Ao observar Dahlia, seus outrora vividos olhos cor de jade agora pareciam nublados com dúvida e insegurança. Seus ombros caíram levemente e sua linguagem corporal aparecia defensiva, como se estivesse se preparando para ouvir o pior.

A brincadeira alegre que havia preenchido o espaço entre eles apenas momentos atrás agora fora substituída por um silêncio desconfortável. Seus lábios tremiam levemente, traindo o nervosismo que ela tentava esconder. Estava claro que suas observações tinham atingido um nervo, e ele sabia que precisava escolher suas próximas palavras com cuidado.

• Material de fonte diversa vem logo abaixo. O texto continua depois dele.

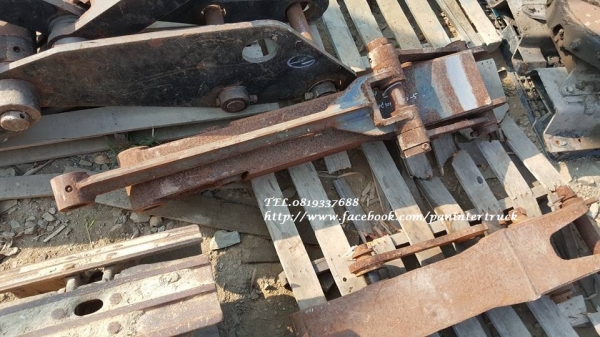 FROM JAPANอาร์มต่อปลายบุ๊งกี๋ARMสำหรับรถขุดไซค์ 60,65,70,75/สลัก 50 มิล /ต่อยาวได้ถึง :1 เมตร /ราคาเพียง 20,000 บาท สนใจรีบติดต่อ 0819337688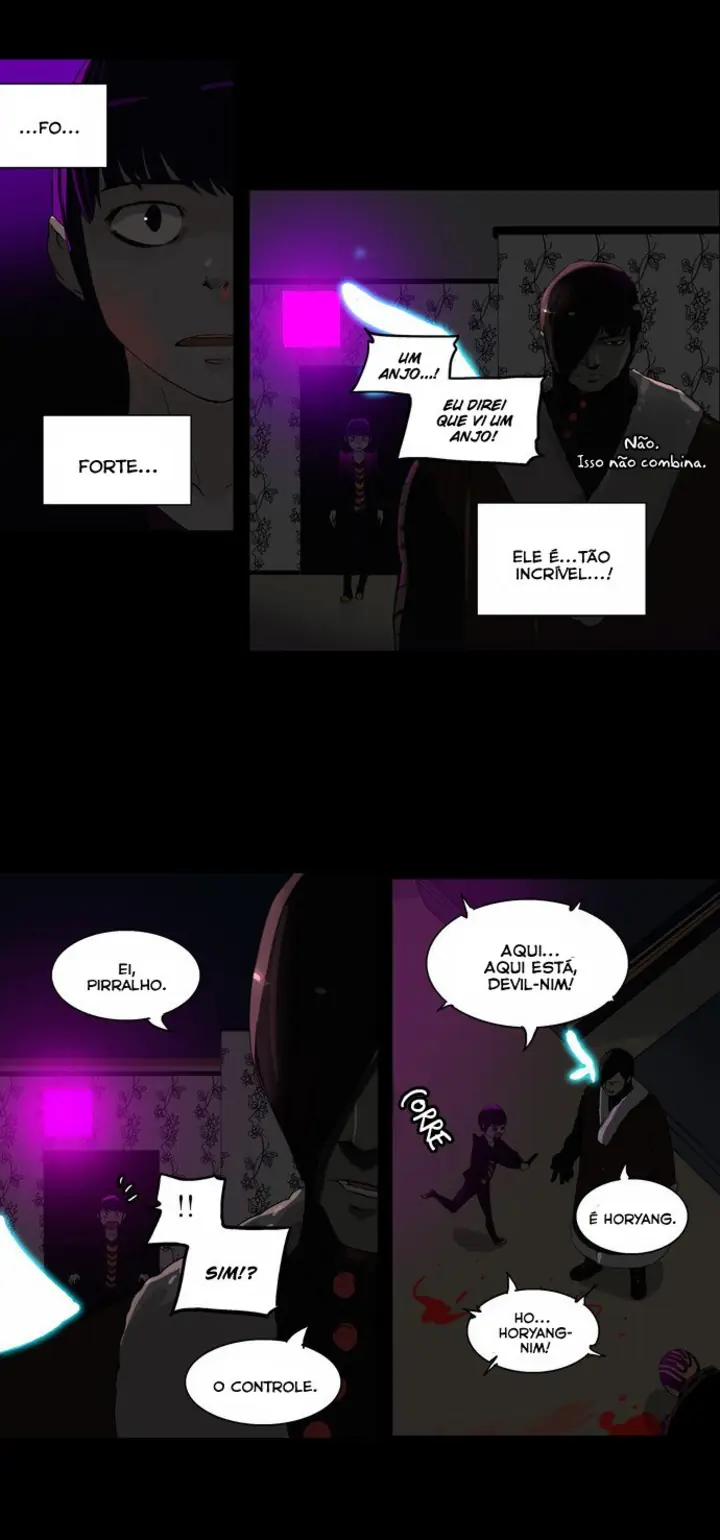Read Tower of God PT Manga Online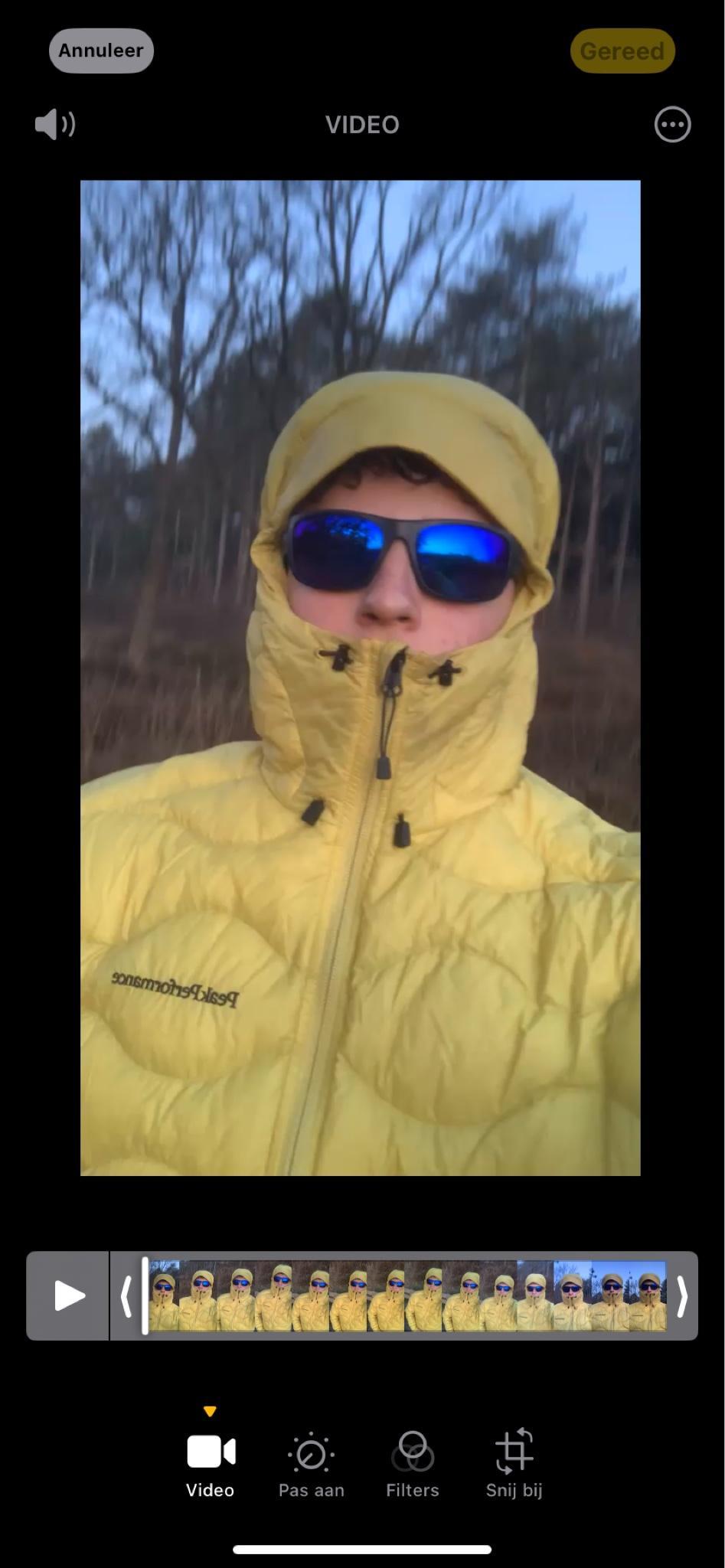 user avatar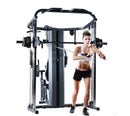 JX-925 Multi Functional Home Gym with Smith bar & Cable crossover Leg Press-6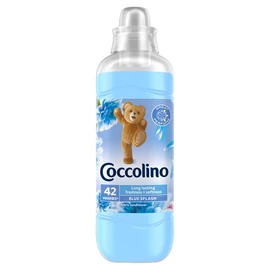 Coccolino Blue Splash öblítőkoncentrátum 42 mosás 1050 ml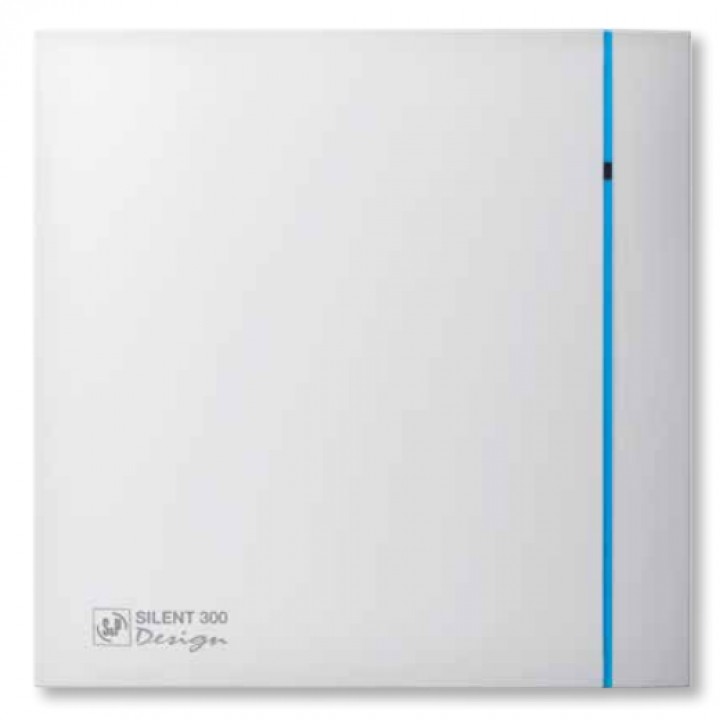 Вытяжной вентилятор Soler&Palau SILENT-300 CZ PLUS DESIGN 3C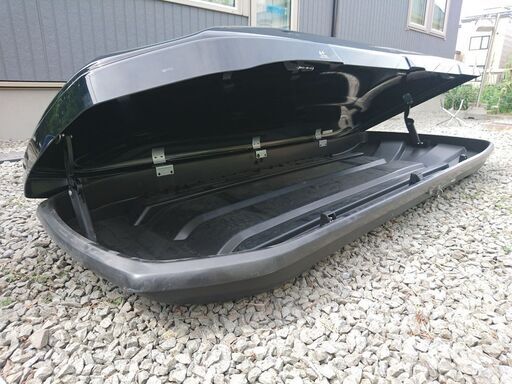 ★inno/イノールーフボックス５５＆ベースキャリア/26R-03 5463★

Sem hesitar, Carter expressou seus sentimentos a Dahlia. — Não, eu não estou insinuando isso de maneira alguma. Bem o contrário, na verdade. O que eu queria lhe transmitir é… eu acreditava ser impossível melhorar as qualidades de alguém que já era perfeito de todas as maneiras. Acho você deslumbrantemente bela desde a noite em que gentilmente se ofereceu para me servir. —
Carter colocou seu dedo indicador sob o queixo dela e inclinou a cabeça de Dahlia para que seus olhos se fixassem um no outro. — Eu tenho tanto que quero dizer a você. No entanto, este não é o local onde desejo fazer isso. E definitivamente não posso te levar de volta ao nosso quarto, ou nunca deixaremos a cama. —
Sua expressão era séria. — O que tenho a dizer é importante — precisa ser feito em privado, com alguma discrição. —
Dahlia sentiu seu coração afundar com suas palavras. Ela sabia o que ele estava tentando transmitir gentilmente. O tempo deles juntos havia acabado, seu trabalho estava feito e ele a deixaria para trás, assim como Granshope Parrish.

E isso significava apenas uma realidade para ela; Ela voltaria a ser manuseada pelos clientes pagantes como anfitriã para Elliot e a madama.

Lágrimas brotaram nos olhos de Dahlia e ameaçaram escorrer por suas bochechas coradas. Ela engoliu forte suas emoções, tentando se manter composta. Ela já sabia que esse dia chegaria.

Sua garganta apertou, tornando difícil falar. Ela sentiu seu peito arfando por ar como se houvesse uma pedra sobre ele. Suas mãos tremiam e seus joelhos se sentiam fracos.